Deze wettelijke voorschriften worden toegepast zoals geldend ten tijde van het bewezen verklaarde.

BESLISSING

Het hof:
Vernietigt het vonnis waarvan beroep en doet opnieuw recht:
Verklaart zoals hiervoor overwogen bewezen dat de verdachte het ten laste gelegde heeft begaan.
Verklaart niet bewezen hetgeen de verdachte meer of anders is ten laste gelegd dan hierboven is bewezen verklaard en spreekt de verdachte daarvan vrij.
Verklaart het bewezen verklaarde strafbaar, kwalificeert dit als hiervoor vermeld en verklaart de verdachte strafbaar.
Veroordeelt de verdachte tot een
taakstrafvoor de duur van
30 (dertig) uren, indien niet naar behoren verricht te vervangen door
15 (vijftien) dagen hechtenis.
Dit arrest is gewezen door de meervoudige strafkamer van het gerechtshof Amsterdam, waarin zitting hadden mr. S. Clement, mr. A.M. van Amsterdam en mr. C. Fetter, in tegenwoordigheid van S. Vriend, griffier, en is uitgesproken op de openbare terechtzitting van dit gerechtshof van 19 oktober 2018.

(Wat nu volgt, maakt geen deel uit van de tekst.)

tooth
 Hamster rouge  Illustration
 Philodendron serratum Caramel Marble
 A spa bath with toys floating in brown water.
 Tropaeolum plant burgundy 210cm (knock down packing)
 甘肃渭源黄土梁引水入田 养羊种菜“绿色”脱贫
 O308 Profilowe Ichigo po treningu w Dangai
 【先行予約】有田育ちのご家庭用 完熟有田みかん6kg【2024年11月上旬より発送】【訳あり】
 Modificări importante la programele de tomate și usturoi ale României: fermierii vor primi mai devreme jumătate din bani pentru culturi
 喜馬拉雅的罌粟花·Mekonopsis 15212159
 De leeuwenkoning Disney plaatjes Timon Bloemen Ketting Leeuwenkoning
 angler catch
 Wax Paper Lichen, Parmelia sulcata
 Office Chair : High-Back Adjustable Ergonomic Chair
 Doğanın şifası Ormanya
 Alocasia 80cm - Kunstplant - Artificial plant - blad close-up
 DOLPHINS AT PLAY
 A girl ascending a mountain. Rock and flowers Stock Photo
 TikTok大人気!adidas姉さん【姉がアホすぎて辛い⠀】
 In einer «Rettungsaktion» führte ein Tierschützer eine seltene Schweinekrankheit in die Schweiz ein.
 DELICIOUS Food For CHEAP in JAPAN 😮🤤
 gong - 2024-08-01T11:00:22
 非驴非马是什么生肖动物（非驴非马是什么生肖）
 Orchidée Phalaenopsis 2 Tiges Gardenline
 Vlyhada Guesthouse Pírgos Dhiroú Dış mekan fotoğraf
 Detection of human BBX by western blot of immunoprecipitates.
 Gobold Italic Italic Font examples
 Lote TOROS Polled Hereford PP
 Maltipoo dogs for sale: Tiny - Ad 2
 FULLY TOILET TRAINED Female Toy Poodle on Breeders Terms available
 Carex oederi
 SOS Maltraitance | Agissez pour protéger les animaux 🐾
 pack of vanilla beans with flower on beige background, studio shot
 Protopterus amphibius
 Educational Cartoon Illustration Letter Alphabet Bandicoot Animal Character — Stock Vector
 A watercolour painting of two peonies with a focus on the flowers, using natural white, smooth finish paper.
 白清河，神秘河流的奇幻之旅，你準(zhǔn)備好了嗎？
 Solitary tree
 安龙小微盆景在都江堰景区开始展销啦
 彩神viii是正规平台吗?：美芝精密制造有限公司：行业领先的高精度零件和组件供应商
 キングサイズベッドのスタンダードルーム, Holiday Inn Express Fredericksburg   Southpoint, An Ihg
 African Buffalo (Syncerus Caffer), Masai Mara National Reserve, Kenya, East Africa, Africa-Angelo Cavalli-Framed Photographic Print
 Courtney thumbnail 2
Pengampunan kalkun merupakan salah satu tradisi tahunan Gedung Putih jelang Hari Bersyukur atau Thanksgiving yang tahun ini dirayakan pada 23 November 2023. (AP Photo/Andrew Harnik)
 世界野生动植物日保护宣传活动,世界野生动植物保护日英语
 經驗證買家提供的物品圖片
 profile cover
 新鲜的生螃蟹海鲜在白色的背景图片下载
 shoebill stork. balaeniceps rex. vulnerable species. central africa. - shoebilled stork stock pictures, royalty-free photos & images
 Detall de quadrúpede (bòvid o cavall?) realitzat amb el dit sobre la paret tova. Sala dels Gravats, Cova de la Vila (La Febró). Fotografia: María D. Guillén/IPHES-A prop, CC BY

Mr. S. Clement en mr. C. Fetter zijn buiten staat dit arrest te ondertekenen.
=========================================================================
proces-verbaal uitspraak
_______________________________________________________________ _ _
GERECHTSHOF AMSTERDAM
Afdeling strafrecht
Parketnummer: 23-000696-18
Proces-verbaal van de in het openbaar gehouden terechtzitting van dit gerechtshof, op 19 oktober 2018.
Tegenwoordig zijn:
mr. …. , raadsheer,
mr. S. Pesch, griffier.
Het openbaar ministerie wordt vertegenwoordigd door mr. M.M. Steinmetz, advocaat-generaal.
De raadsheer doet de zaak tegen de verdachte [verdachte] uitroepen.
De verdachte is
wel / nietin de zaal van de terechtzitting aanwezig.
Raadsman/raadsvrouw is
wel / nietaanwezig.
(zo ja:) naam raadsman/raadsvrouw en plaats:
Tolk is
wel / nietaanwezig. (zo ja:) naam tolk en taal:
De raadsheer spreekt het arrest uit.
De raadsheer geeft de verdachte kennis, dat daartegen binnen 14 dagen na heden beroep in cassatie kan worden ingesteld.
(indien de VTE is verschenen)
De verdachte heeft
wel / geenafstand gedaan van recht aanwezig te zijn bij de uitspraak.
(indien VTE is gedetineerd)
Waarvan is opgemaakt dit proces-verbaal, dat door de raadsheer en de griffier is vastgesteld en ondertekend.